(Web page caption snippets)
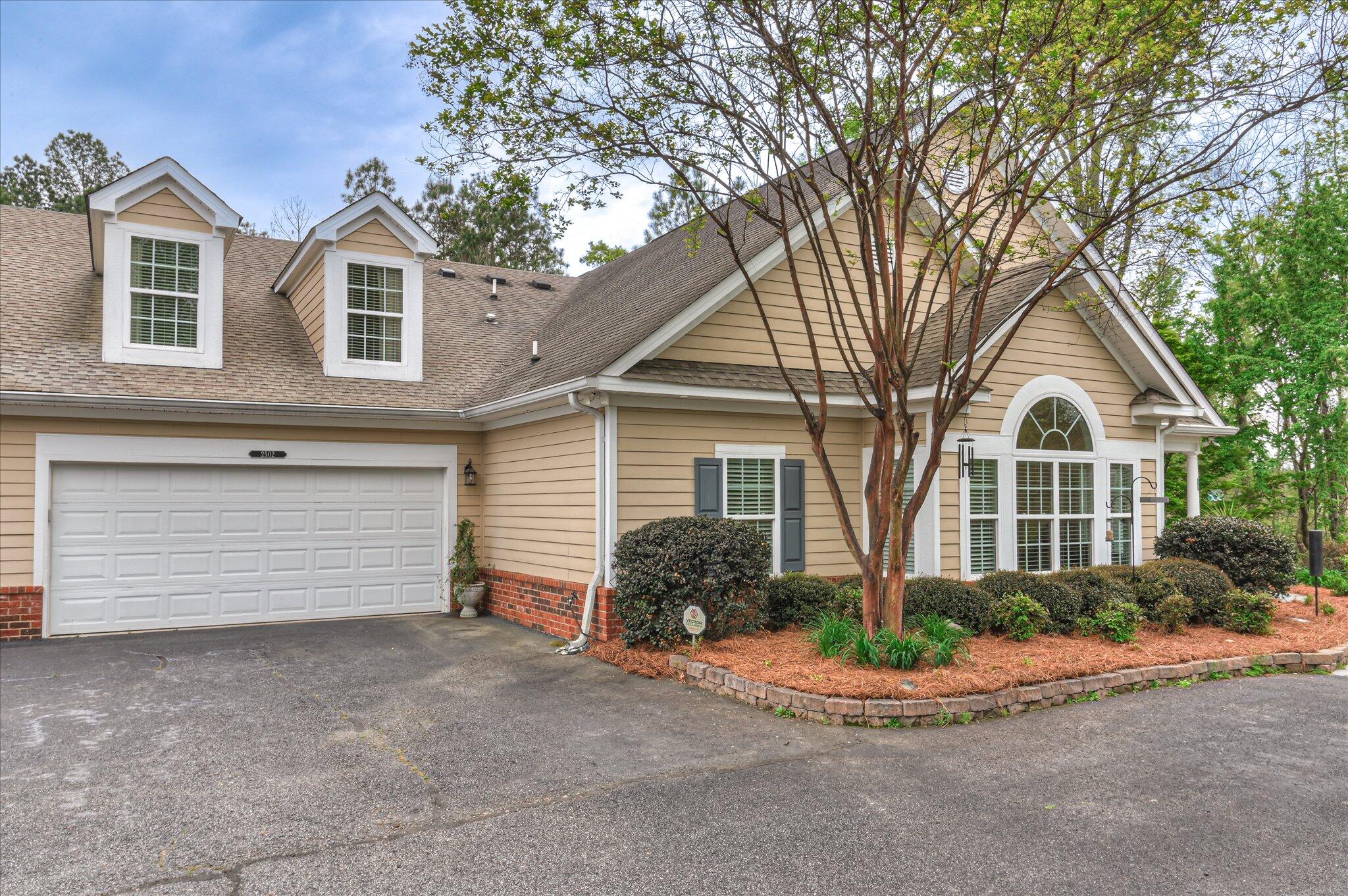 2502 Amberley Pass
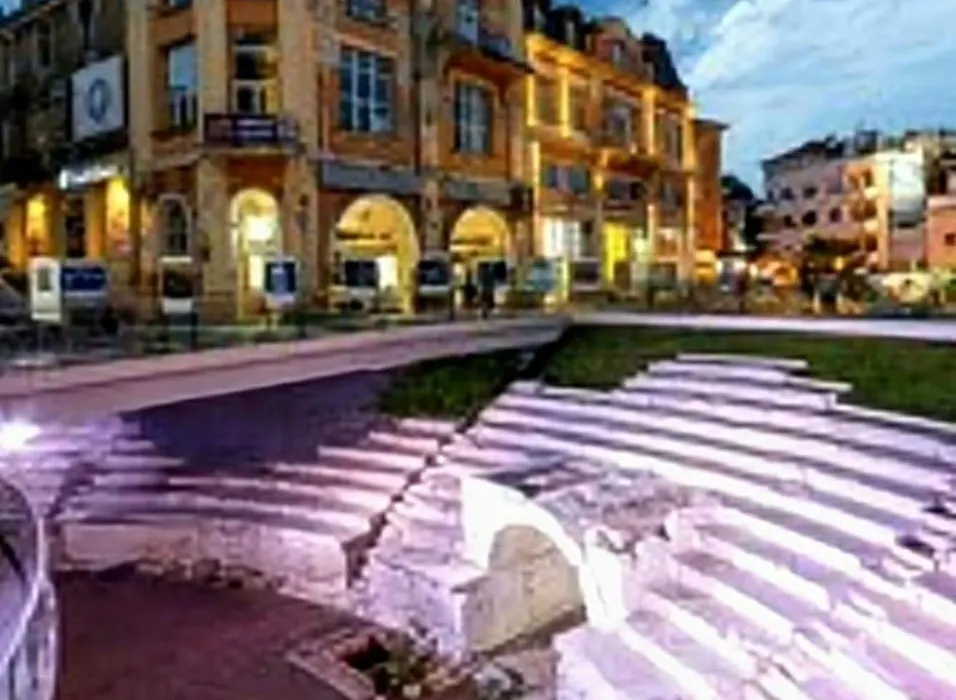 Downtown - Han Teo Suites - Center Plovdiv - Kapana Art District-1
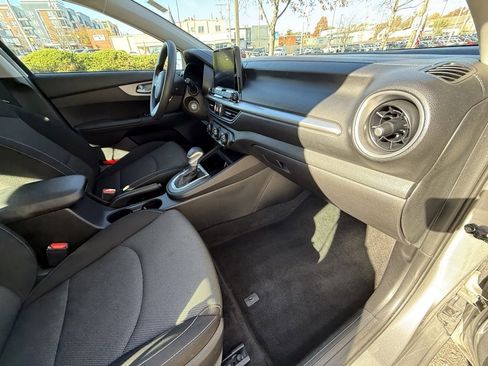 Used 2023 Kia Forte LXS image 40
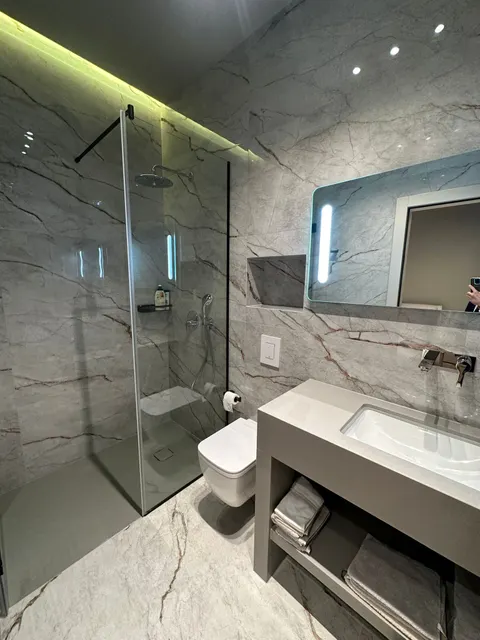 Zagreb, Jelenovac - Moderan stan u novogradnji 175 m2 , najam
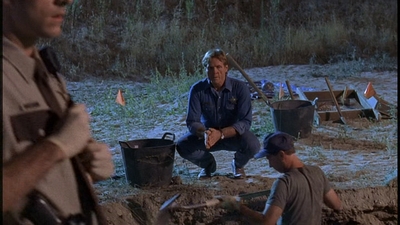 ROSWELL_-_E2X01_SKIN_AND_BONES_245.jpg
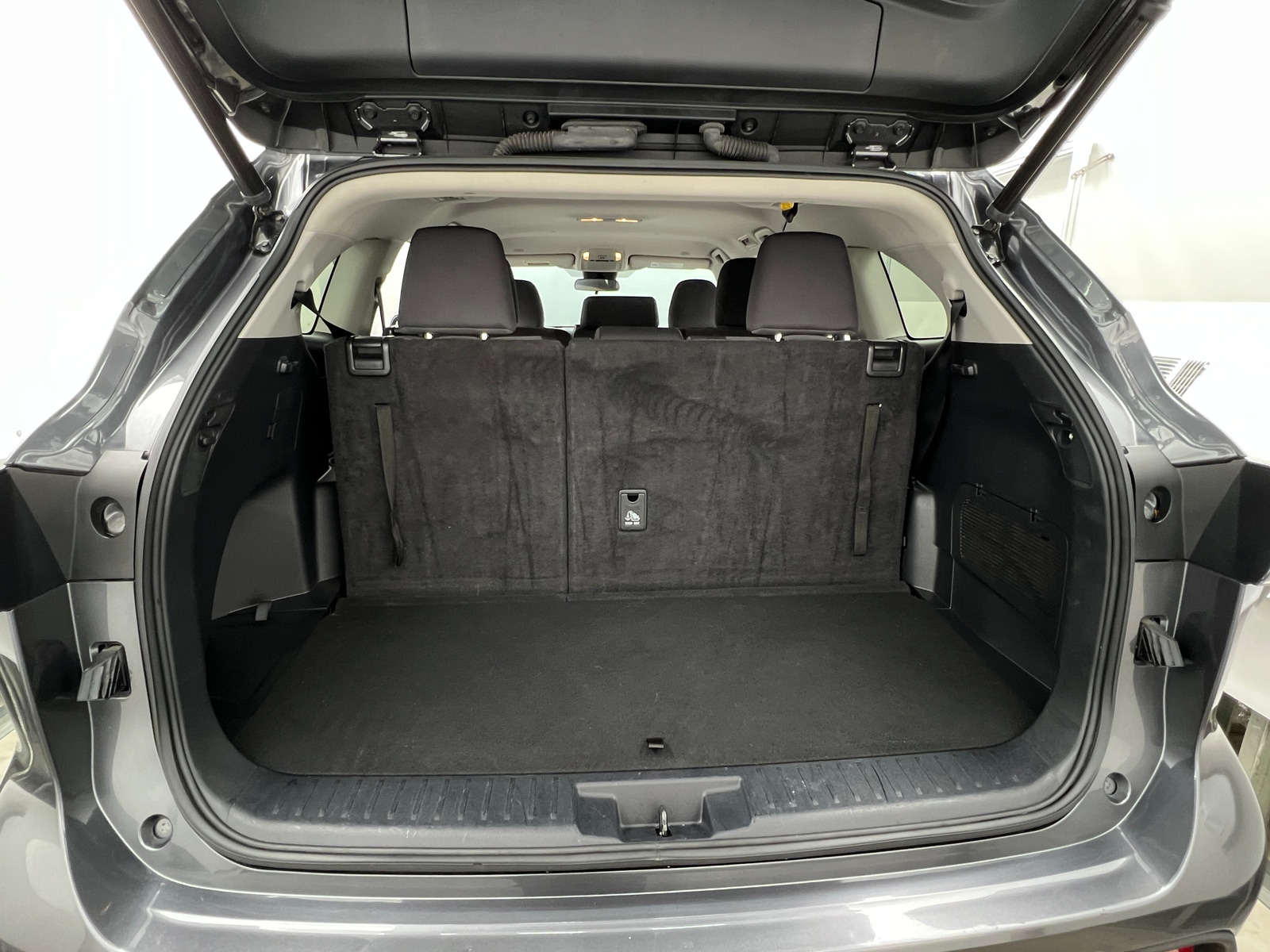 Thumbnail: 2023 Toyota Highlander - 7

What the task requires> The expected output is the exact run of lines from the one containing "Zagreb, Jelenovac - Moderan" through the final line of the data above, both ends included, with no pictures.

Task answer>
 Zagreb, Jelenovac - Moderan stan u novogradnji 175 m2 , najam
 ROSWELL_-_E2X01_SKIN_AND_BONES_245.jpg
 Thumbnail: 2023 Toyota Highlander - 7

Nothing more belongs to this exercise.